In many ways, Kimbal Musk shares his brother Elon Musk's determination to improve humanity.
Elon, 45, is the CEO of tech giants Tesla and SpaceX. He is pioneering zero-emission travel and working towards colonizing Mars.
Kimbal, 44, is the founder of casual dining upstart The Kitchen, and he is working to improve nutrition by expanding healthy and affordable dining options across the country.
"[My brother] told me it was crazy to get into the food business; I told him it was crazy to get into the space business," Kimbal jokes. "It's working out fine."
The less-public Musk brother, who sits on the boards of Tesla and Chipotle, has quietly been scaling his passion project with two concepts: His high-end restaurant The Kitchen, based in Boulder, Colo., and his chain Next Door, made up of affordable farm-to-table restaurants.
In January, he announced plans to bring well priced, locally sourced options to America's heartland by opening 50 new restaurants by 2020.
Similar to Chipotle's strategy of providing cheaper, healthier options by sourcing and scaling quality providers, Musk uses his two restaurant concepts to help control costs. His favorite example is sourcing whole cows from local farmers in Colorado.
"We buy the whole cow, and we're able to do the prime cuts [that] go to The Kitchen; the burger will go to Next Door," he says. "To get a naturally raised cow of that quality and to serve [a burger] for $8.95 is an extraordinarily low price."

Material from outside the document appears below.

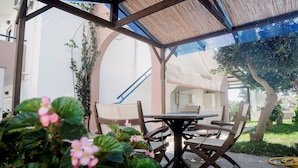 Eine Terrasse im Freien mit Tisch und Stühlen, umgeben von viel Grün und einem überdachten Bereich mit Blick auf ein Gebäude.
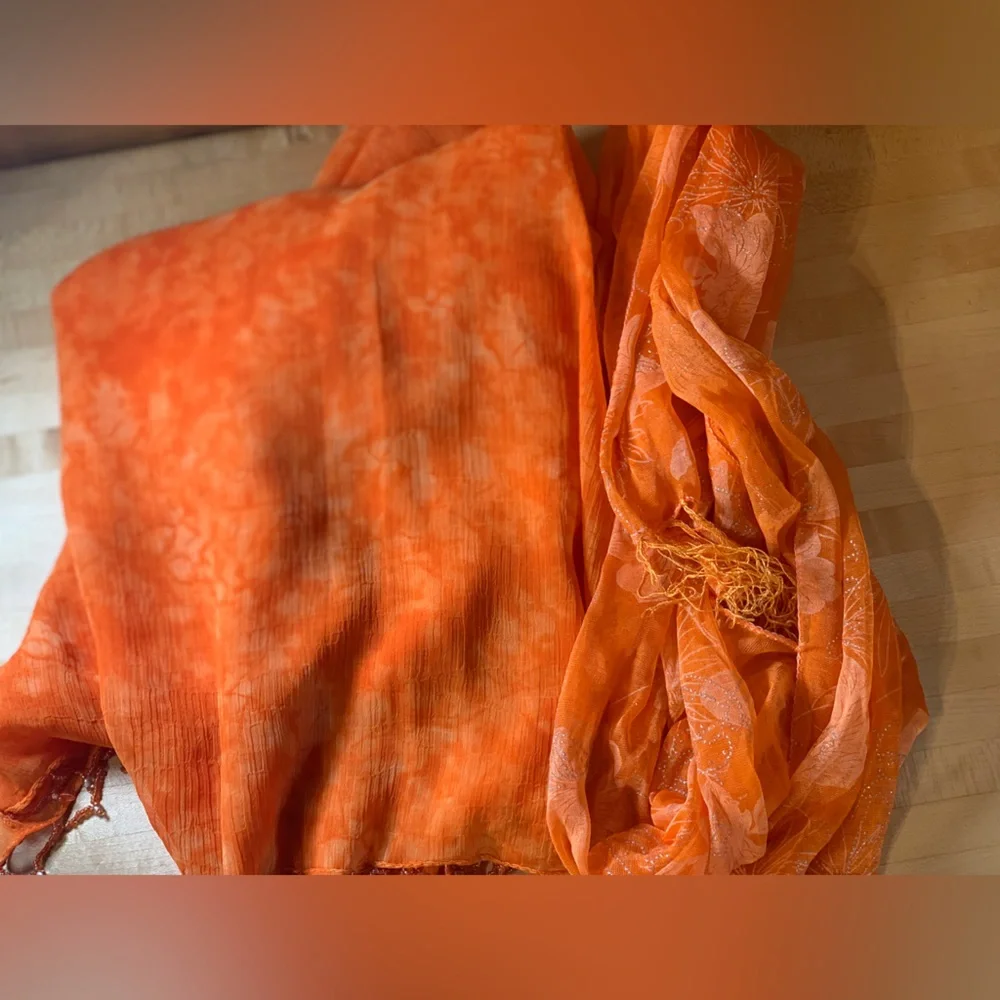 2 beautiful orange scarves‎ bundled. One with beading, then other with sparkle.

The Kitchen's non-profit arm has also installed nearly 350 Learning Gardens in schools across the country to teach kids about nutrition and the importance of eating healthily.
"I've always loved food, but I've started to understand the problem more and more," Musk says. "Industrial food has totally failed America … and so the more I dig in, the more I get passionate about being part of solving that."
Indeed, Americans are facing a number of nutritional issues. More than a third of the country's population is considered obese, while less than a quarter eat the recommended daily servings of fruits and vegetables, according to the Centers for Disease Control and Prevention. And being short on time or money can often lead families to settle for less nourishing options — a reality Musk is determined to change.
"It's not as hard as people think. It's just that people have lost the skill of cooking," he says, adding that he keeps his own grocery budget low to understand what the average family can afford.
He's also empathetic when it comes to time constraints. But despite his busy schedule, "we always make a point of sitting down with the family even if I have other work to do," he says.
Unlike his brother's college experiment of eating hot dogs and oranges to prove he could survive on $1 a day, the younger Musk makes a point to eat whole, nutritious foods that don't break the budget. Here's a look at what he typically eats:
Breakfast: Two Eggs and a piece of toast
"I think eggs are one of the greatest gifts to the Earth, and it gives me the energy and nutrition to go through [my day]."
Lunch: Greek salad and meatballs
"It's phenomenal. The Greek salad is a classic. It never goes away and you can do that really affordably."
Dinner: Roasted chicken and vegetables
"I'll have dinner at 6:30 with the kids and then get back to work after that if I need to. My favorite thing to do is roasting a chicken. I can get home at 5:00. I can have dinner ready on the table with a fully roasted chicken by 6:30.
"I can do a whole roast chicken with two sides of vegetables for a total cost of $10," he says. "You can easily feed a family of four with a chicken. It's just skills we've lost, not that it's not affordable — it's very affordable."